Does your daughter like to create enclosures for her toys? A farm fence made from blocks or string?
Perhaps your son enjoys drawing circles, looping the line around smaller marks already on the page.
At first glance, the enclosing schema seems very similar to enveloping (no. 83 in the 100). Both involve closing around something, but that's where the similarity ends.
Whereas enveloping wraps an object, often removing it from sight, enclosing simply contains it. It's the difference between a doll bundled up in blankets and a horse in a paddock.

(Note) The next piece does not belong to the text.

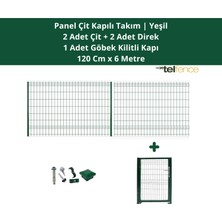 Telfence Panel Çit Takım 6 Metre ( 2 Çit + 2 Direk + Göbek Kilitli Kapı ) Avantaj Paketi Bahçe Çiti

Enclosers likes to draw faces, placing the eyes and mouth inside, hair and ears outisde. An enveloper's drawings, on the other hand, focus on making things disappear. They might draw a pretty scene only to obliterate it completely with paint, covering the entire page with a single colour. Nothing of the original remains.
When children enclose, they are learning that objects - or ideas - can be contained in a discrete space. And that anything outside this is a separate entity.
Envelopers explore how objects can disappear but still exist (see the blog for more on the idea of object permanence).
Eventually, enclosing leads to letter-formation. The balled fist that first holds a crayon, making endless spirals on the page eventually becomes the dextrous hand drawing circles for 'o' and 'p' and 'd'.
It's also central to drawing faces and bodies. Leave a gap and there's a space for the colouring-in to leak out.
Like all schema play, development of the enclosing schema happens naturally. But if you know to look out for it, you can provide opportunities to practice and improve.
So much of early years education - and the 100 Toys approach - is about noticing. Take the time to observe and reflect. It's not rocket science. But the benefits of a thoughtful intervention can be huge, helping your child to make connections and deepen her understanding.